Given records:
---

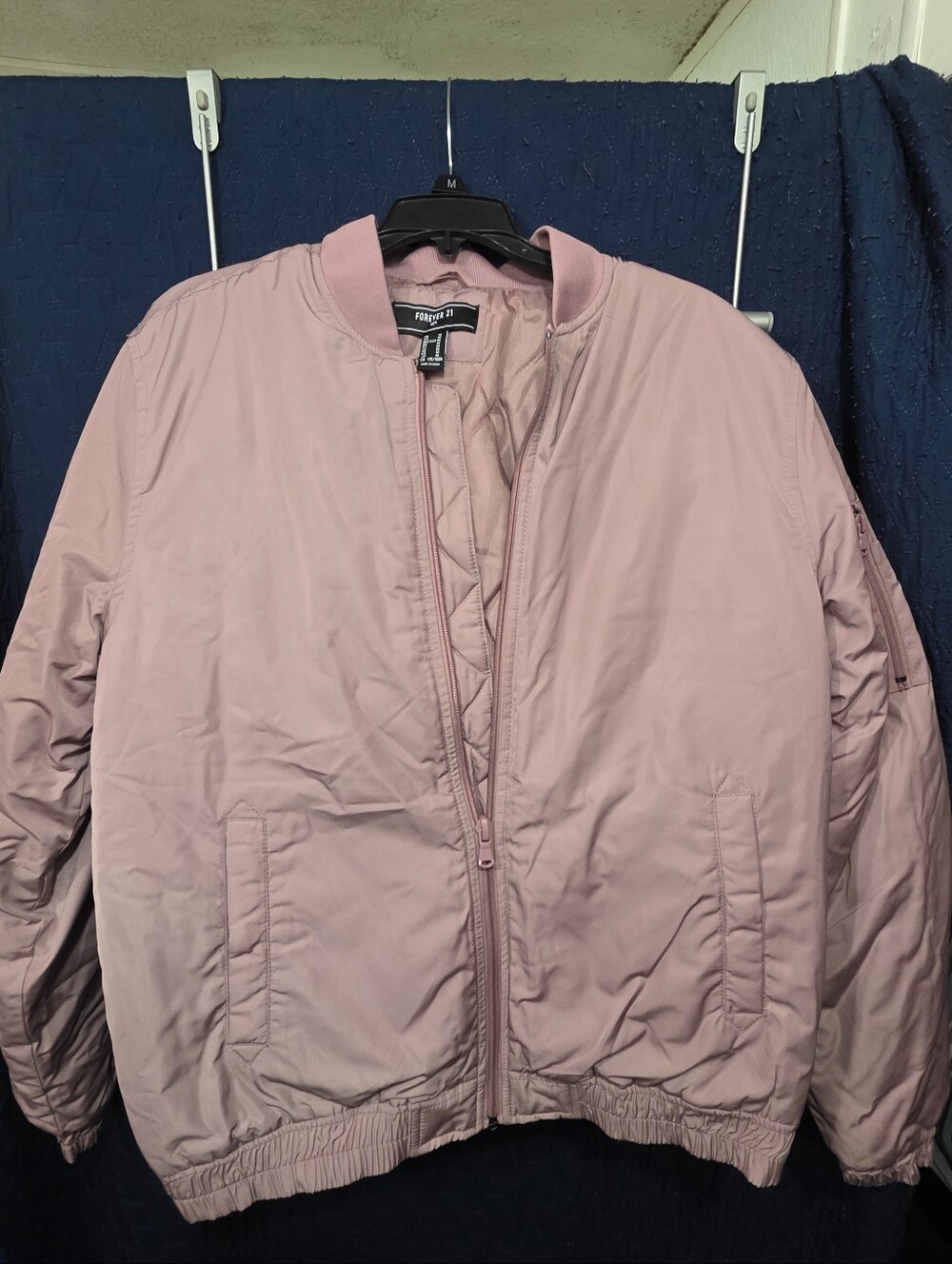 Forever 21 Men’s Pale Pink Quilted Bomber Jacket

---

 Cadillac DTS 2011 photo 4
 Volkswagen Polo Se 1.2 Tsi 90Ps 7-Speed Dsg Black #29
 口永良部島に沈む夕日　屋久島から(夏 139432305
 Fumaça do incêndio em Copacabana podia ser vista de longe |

---

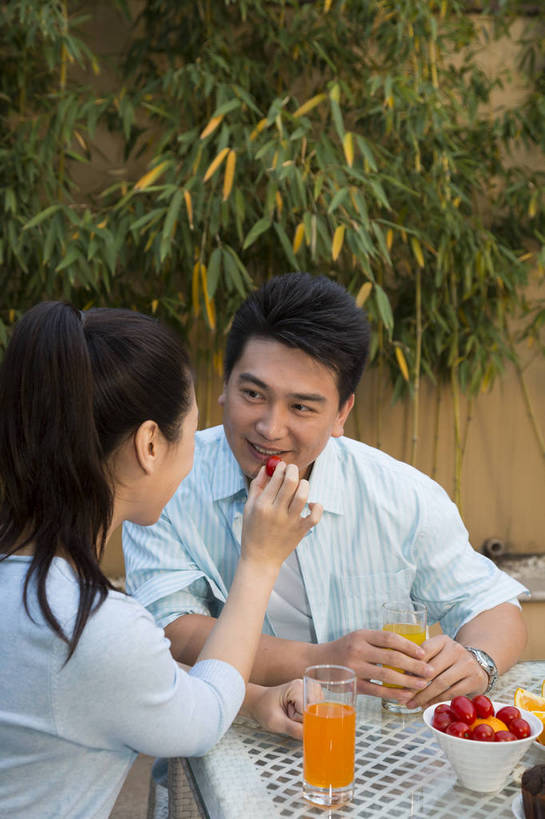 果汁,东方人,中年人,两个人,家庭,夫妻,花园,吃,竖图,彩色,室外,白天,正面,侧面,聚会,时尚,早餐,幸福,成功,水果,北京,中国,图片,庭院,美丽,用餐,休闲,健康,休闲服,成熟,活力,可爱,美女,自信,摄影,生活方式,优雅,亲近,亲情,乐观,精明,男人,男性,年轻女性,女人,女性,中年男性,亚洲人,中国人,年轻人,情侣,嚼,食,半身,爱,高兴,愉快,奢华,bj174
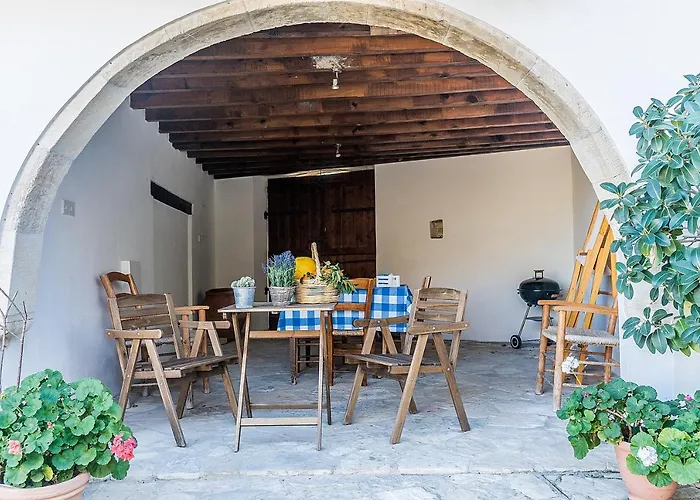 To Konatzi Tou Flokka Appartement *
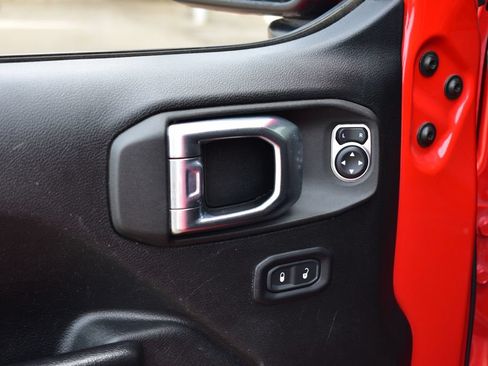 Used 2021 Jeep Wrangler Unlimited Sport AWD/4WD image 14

---

Problem statement: Using the data above, extract exactly the lines from the one that holds "Volkswagen Polo Se" to the one that holds "Fumaça do incêndio", both ends included, and no others.

Exercise answer:
 Volkswagen Polo Se 1.2 Tsi 90Ps 7-Speed Dsg Black #29
 口永良部島に沈む夕日　屋久島から(夏 139432305
 Fumaça do incêndio em Copacabana podia ser vista de longe |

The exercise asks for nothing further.